Date: 2004-12-23 08:10
Subject: more thoughts on politics, dubya, and iraq (but really nothing new)
the news today says that they now believe that the cause of the latest attack on US forces in iraq was due to a suicide bomber, supposedly someone who'd been working on the base for the last four months. what really boggles my mind is that they seem to be SUPRISED by this. come on, you idiots, do you really think that every iraqi who's working with you is doing so with love and hope in his heart? i don't know about the rest of you folks, but if i were an iraqi, pissed off at the fact that my country had been overrun by a bunch of christian zealots, lacking in any sort of real military training and without a stash of RPGs with which to go on a rampage, you can bet your ass i'd try to become a sleeper agent. hit the bloody infidels in their soft underbelly!

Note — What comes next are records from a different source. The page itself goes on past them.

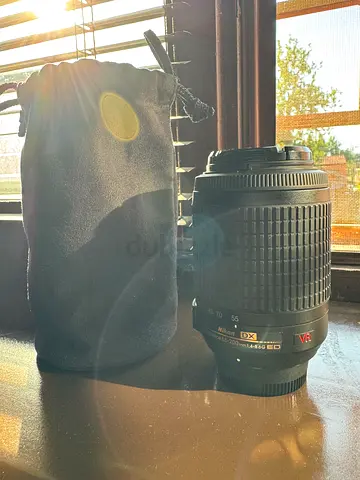 Nikon 55-200mm AF-S DX VR Telephoto Zoom Lens - Perfect Condition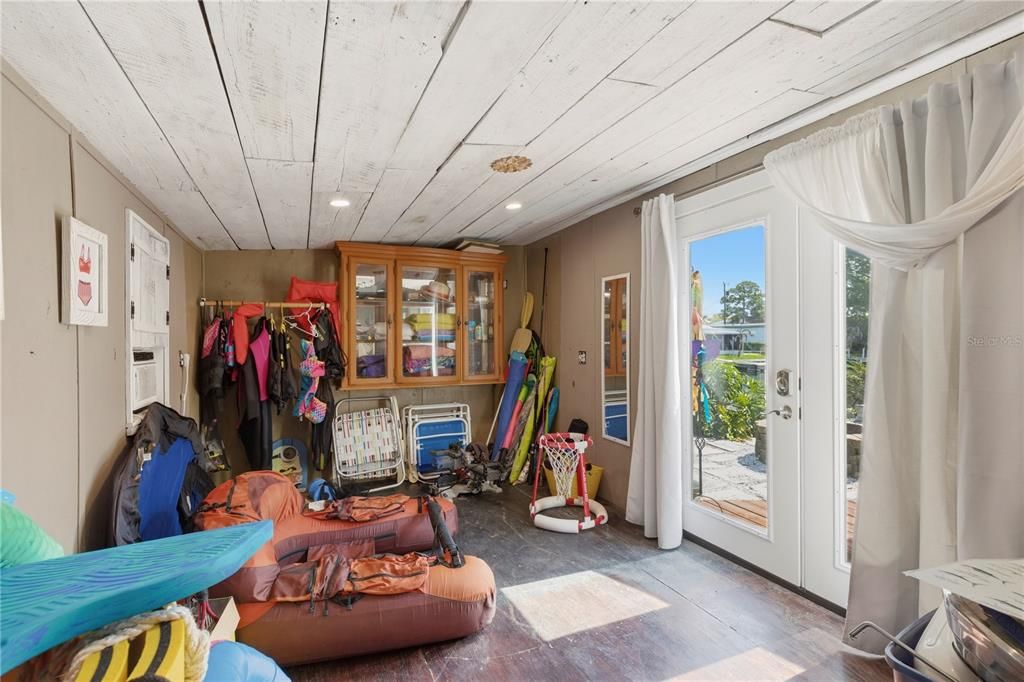 For Sale: $450,000 (3 beds, 3 baths, 1300 Square Feet)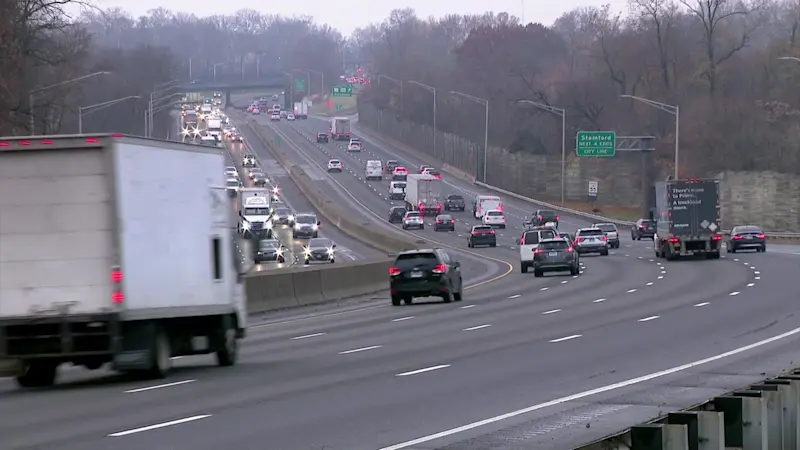 Story image: Drivers head out early to beat traffic ahead of Thanksgiving holiday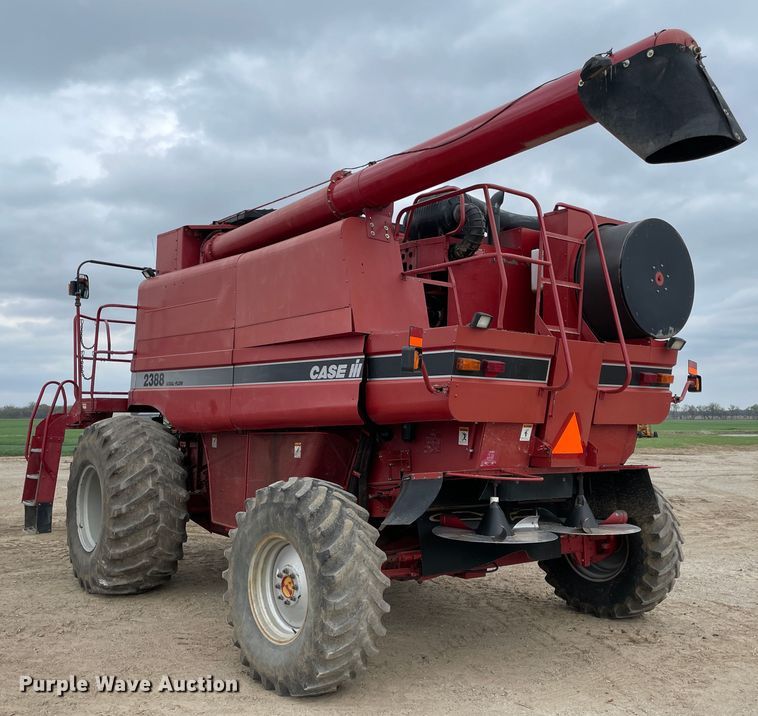 image for item II9391 2002 Case IH 2388  combine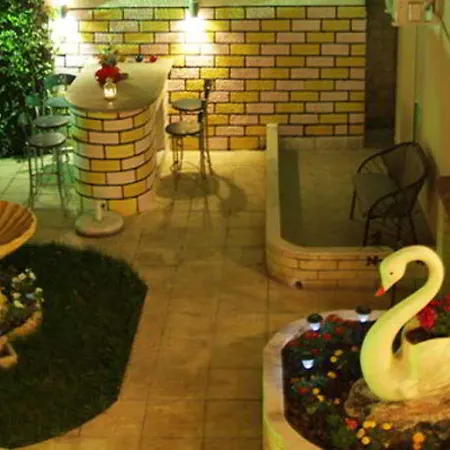 Royal Apartment *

and in more news... a few days ago, dubya held a news conference, in which he came right out and said that he believes that "free nations don't attack each other" - in other words, he believes in the democratic peace theory - and it seems that he holds this belief without reservation. i'm sure i've said this before, but i'll say it again anyway - that's some scary shit. it's one thing to sit around in the hallowed halls of academia and debate theories, but when you take something which is merely a hypothesis that's far from universally validated and base the foreign policy of the world's most powerful nation around it, you're really asking for disaster. i wonder if mr. bush has ever actually read any of the criticisms of DPT - the most salient one at this point being that forced democratization is a very unstable process. it's one thing to look at the countries of eastern europe after the end of the cold war, but assuming that models which seem to work pretty well in the case of poland will apply to places such as iraq and afghanistan is completely ludicrous. the eastern europeans wanted democracy. they wanted to be a part of the EU, part of NATO, and to enjoy the various economic benefits that would come with all of that. moreover, there was never really much of a cultural or religious divide between eastern europe, western europe, and the US. so it's no real surprise that democratization seems to be working for them - especially since it wasn't foisted upon them by an external power.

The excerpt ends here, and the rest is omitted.